● **WHAT TO PRODUCE**
With the pictures removed, please write out every line below exactly as given.

● **DATA BLOCK**

= = = = =

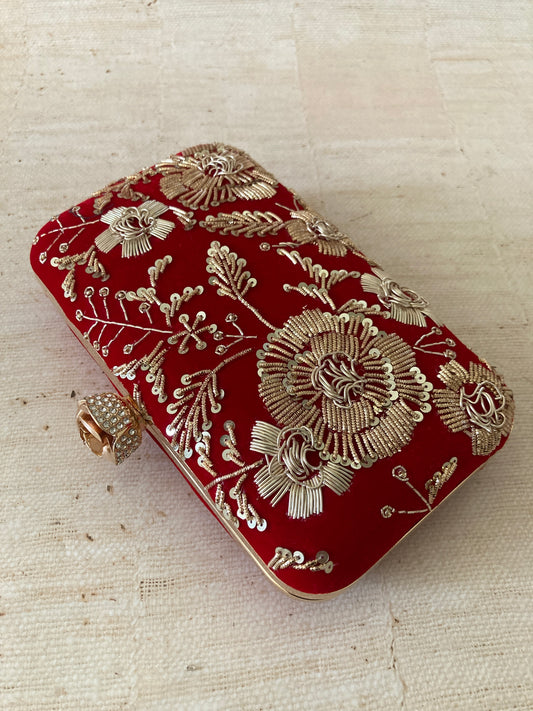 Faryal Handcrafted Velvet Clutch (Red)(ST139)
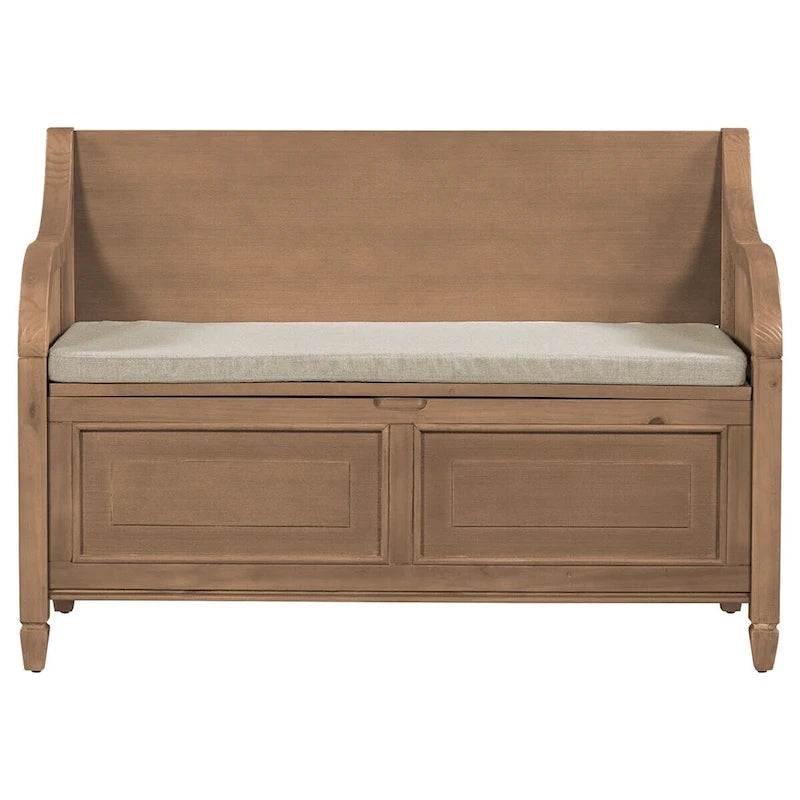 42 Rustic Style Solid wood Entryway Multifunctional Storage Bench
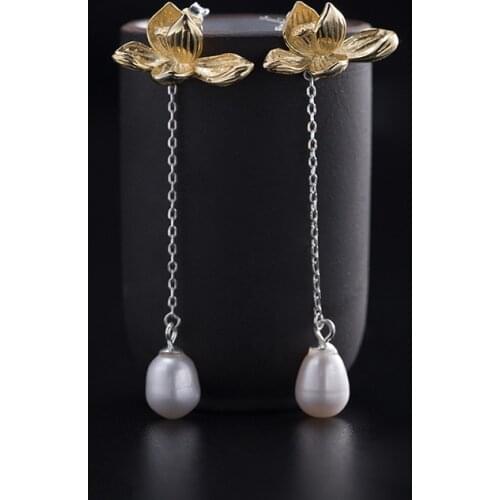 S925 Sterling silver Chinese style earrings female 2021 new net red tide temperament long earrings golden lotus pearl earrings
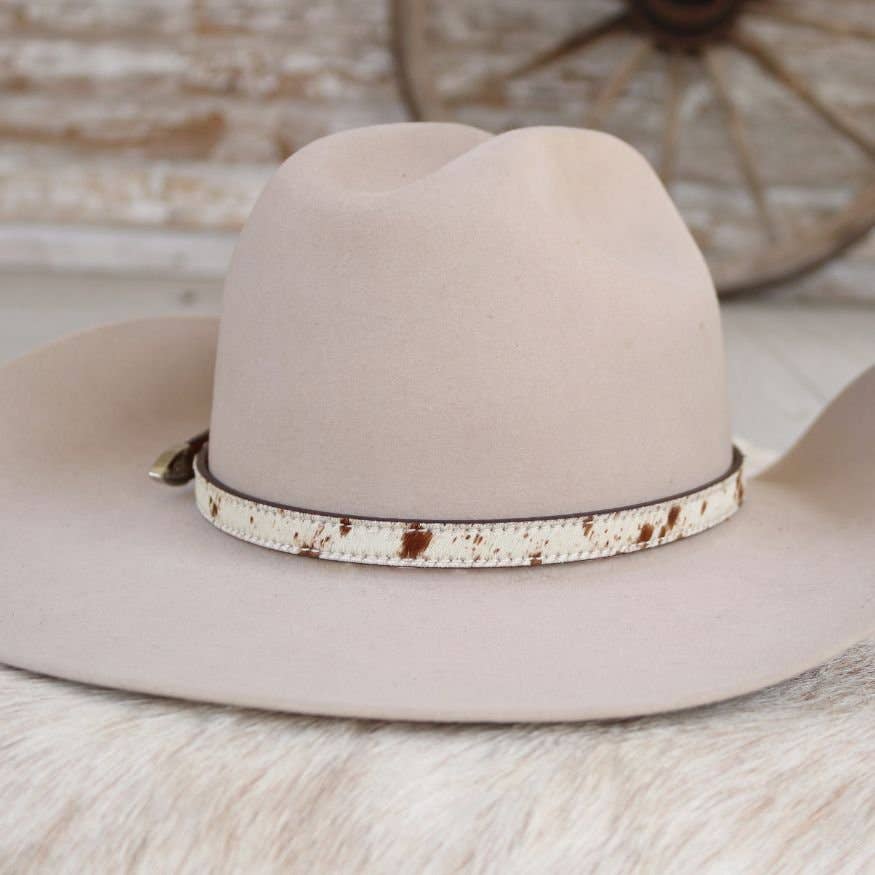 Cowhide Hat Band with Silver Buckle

= = = = =

● **OUTPUT BELOW**
 Faryal Handcrafted Velvet Clutch (Red)(ST139)
 42 Rustic Style Solid wood Entryway Multifunctional Storage Bench
 S925 Sterling silver Chinese style earrings female 2021 new net red tide temperament long earrings golden lotus pearl earrings
 Cowhide Hat Band with Silver Buckle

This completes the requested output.